The Americas offered to those who ventured the prospect of a ‘golden world’, like that of the first Creation before the Fall, when an uncorrupted earth brought forth its fruits without human labour, and when mankind lived ‘void of all guile and treason’. Such was the country which Sir Walter Ralegh’s agents claimed to discover in 1584 in Wingandacoa, which they renamed Virginia, after their Queen who was virgin too. In this earthly paradise the land smelt ‘sweetly… as if we had been in the midst of some delicate garden’. Yet these English conquistadors sailed also in search of gold of another kind. The New World promised endless wealth, there for the taking; not beyond the dreams of avarice for men of fevered imaginations and unbounded optimism. Here, so they told prospective investors, was soil so fertile that a day’s labour in planting would provide food for a year. All the commodities of southern Europe and of the East – oils, flax, frankincense, fruit, sugar – awaited the planters. There were drugs too, including tobacco, which Thomas Harriot – as fatally for himself as for millions thereafter – thought a health-giving herb.
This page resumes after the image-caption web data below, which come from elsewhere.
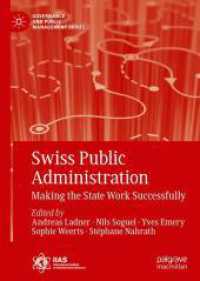 Swiss Public Administration : Making the State Work Successfully (Governance and Public Management) （2019）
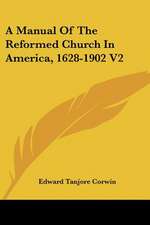 A Manual Of The Reformed Church In America, 1628-1902 V2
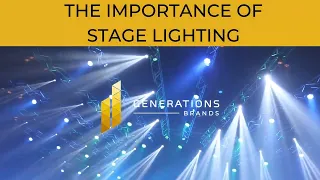 The Importance of Stage Lighting | Generations Brands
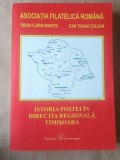 Tiron Florin Martin; Dan Traian Țoldan - Istoria poștei &icirc;n direcția regională Timișoara (2009, 631 p.)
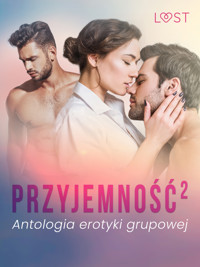 Przyjemność². Antologia erotyki grupowej - LUST authors - ebook + audiobook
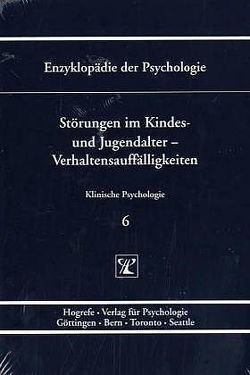 Störungen im Kindes- und Jugendalter – Verhaltensauffälligkeiten von Bender,  Doris, Brambring,  Michael, Burgard,  Peter, Greve,  Werner, Hintermair,  Manfred, Hosser,  Daniela, Kroll,  Thilo, Kröner-Herwig,  Birgit, Lauth,  Gerhard W., Lösel,  Friedrich, Mansel,  Jürgen, Marcus,  Alexander, Moggi,  Franz, Niebel,  Gabriele, Permien,  Hanna, Petermann,  Franz, Rohmann,  Josef A., Schlottke,  Peter F., Schmidt,  Martin H., Schmidt-Denter,  Ulrich, Schneider,  Silvia, Seiffge-Krenke,  Inge, Selinger,  Katrin, Silbereisen,  Rainer K, Straube,  Eckart R., Strehl,  Ute, Tröster,  Heinrich, Voegele,  Claus, Warschburger,  Petra, Wiedebusch,  Silvia, Zink,  Gabriela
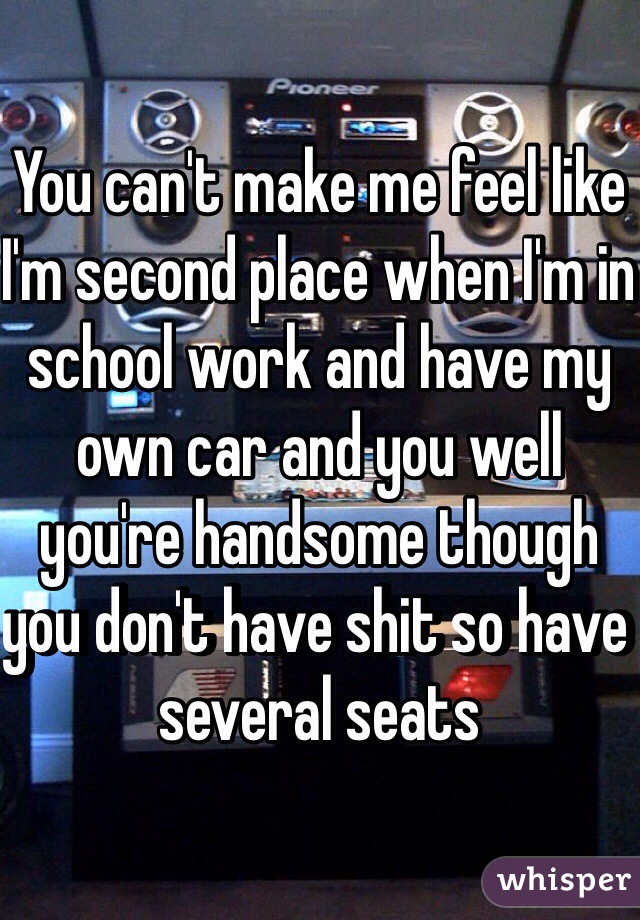 You can't make me feel like I'm second place when I'm in school work and have my own car and you well you're handsome though you don't have shit so have several seats 
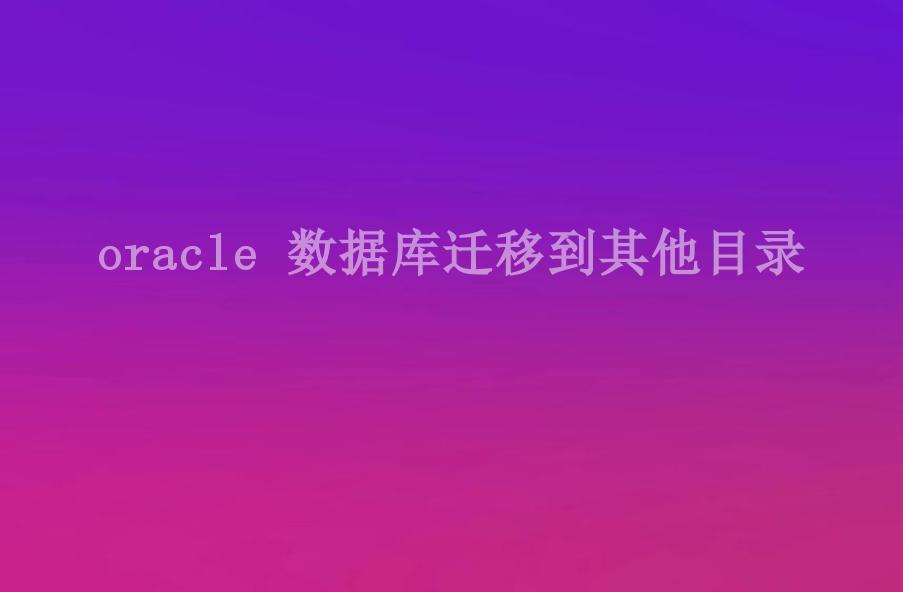 oracle 数据库迁移到其他目录1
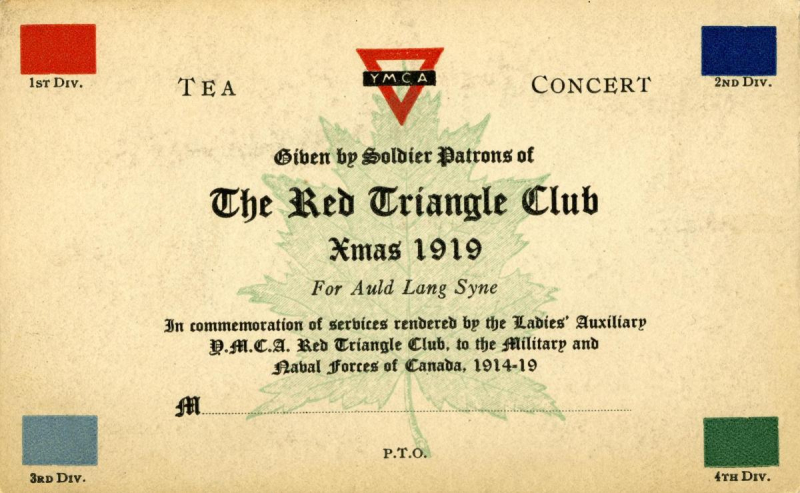 Invitation for Tea and concernt given by soldier patrons of The Rad Triangle Club Xmas 1919 for auld lang syne in commemoration of services rendered by the ladies' auxiliary YMCA Red Triangle Club to the Military and naval forces of Canada 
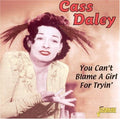 Daley,cass - You Cant Blame A Girl For Trying - Music CD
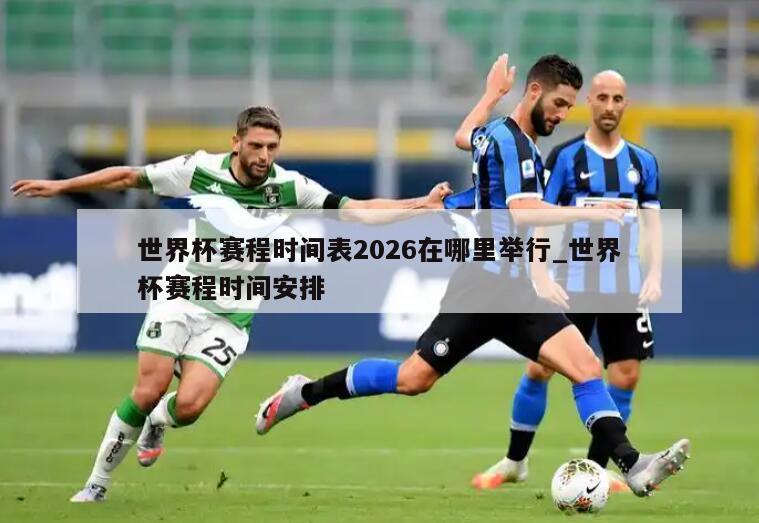 世界杯赛程时间表2026在哪里举行_世界杯赛程时间安排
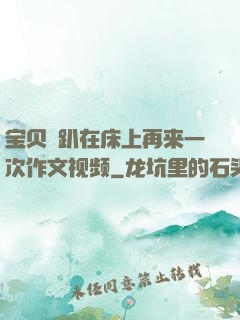 宝贝⋯趴在床上再来一次作文视频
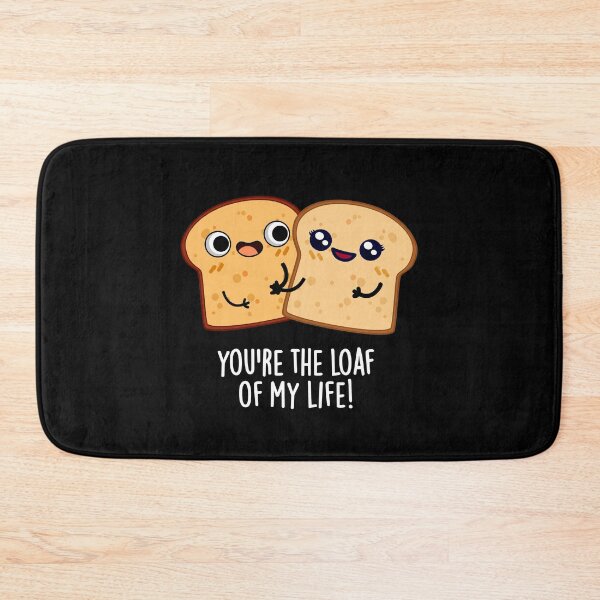 Item preview, You're The Loaf Of My Life Funny Bread Puns (Dark BG) designed and sold by punnybone.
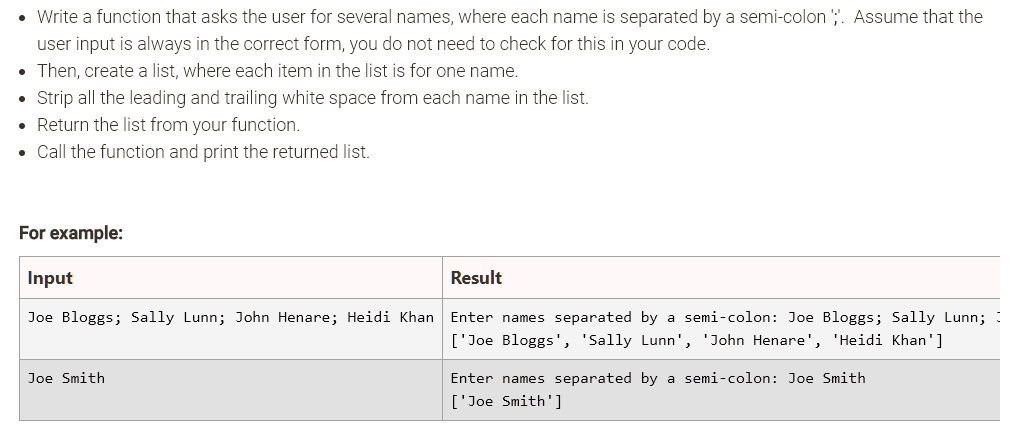 Write a function that asks the user for several names, where each name ...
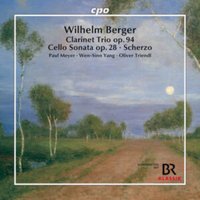 Wilhelm Berger: Clarinet Trio, Op. 94/Cello Sonata, Op. 28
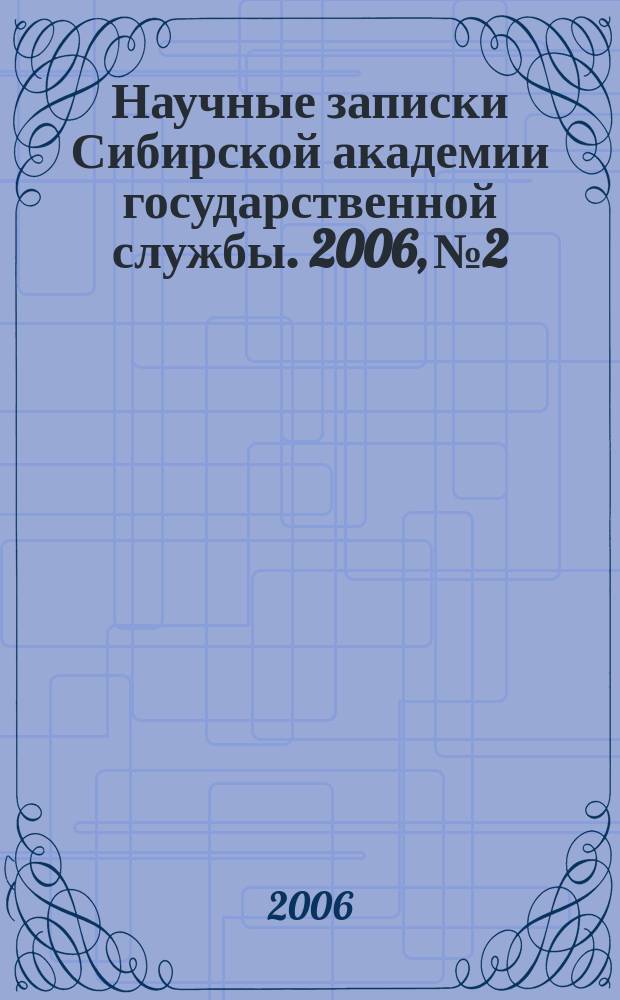 Научные записки Сибирской академии государственной службы. 2006, № 2 : Интеллектуальный потенциал СибАГС. Экономика
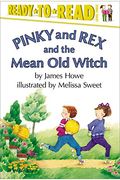 Pinky And Rex And The Mean Old Witch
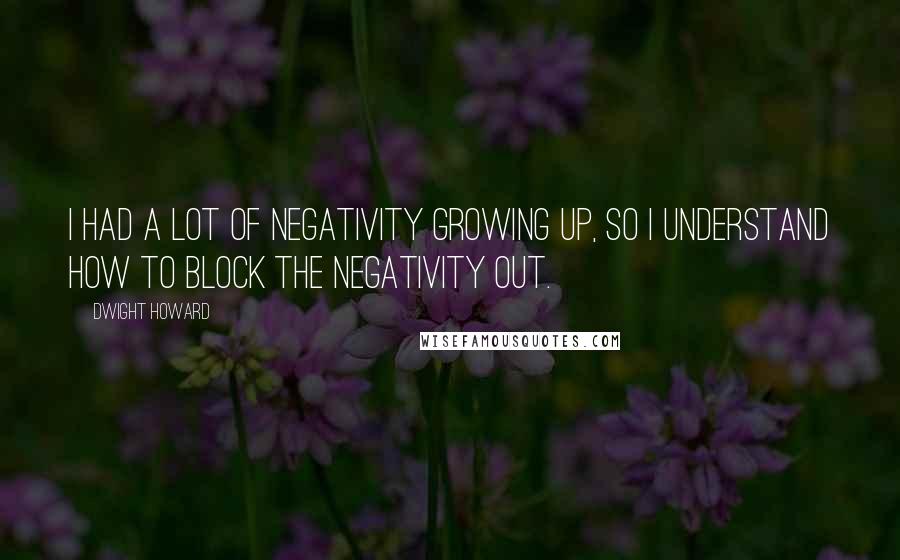 Dwight Howard Quotes: I had a lot of negativity growing up, so I understand how to block the negativity out.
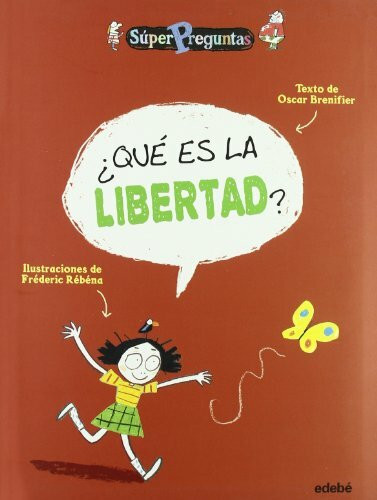 ¿Qué es la libertad?: Que Es LA Libertad? (SúperPreguntas)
This cornucopia had the not inestimable advantage of being possessed by ‘savages’ who did not know how to exploit what they had. When Ralegh went in person to the New World in 1595 he found in Guiana a land which ‘hath yet her maidenhead’. Yet to discover might be to despoil, and suspicion and venality entered this new Eden with the discoverers.

English claims to lands in the New World rested upon their being uninhabited by any Christian prince (not that this would stop them preying upon Christian neighbours from their new lands), but there were ‘natural inhabitants’ and local princes whose relationship to the
colonists needed urgently to be addressed. Thomas Harriot represented the Indians of Virginia as natural theologians, virtuous pagans who, like More’s Utopians, believed in many gods but ‘one only chief and great god’ and in the immortality of the soul, and were already moving towards ‘civility and the embracing of true religion’. The aims of the colonists were threefold: to advance true religion among pagan peoples (advertised as the first purpose, when it was usually not), to trade and cultivate, and to conquer. Without conquest there could be neither colonization nor conversion. The first promoters urged that the colonists proceed against the Indians with ‘all humanity and courtesy and much forbearing of revenge’, for only through amity could trade and settlement prosper. Among the Indians, the settlers planned to live as gentlemen (even if they were not): never to work with their hands, but to live upon Indian labour. But soon came the recognition that they might need to act with ‘extremity’ in order to conquer, fortify and colonize; that the Indians might not want to cede what was theirs.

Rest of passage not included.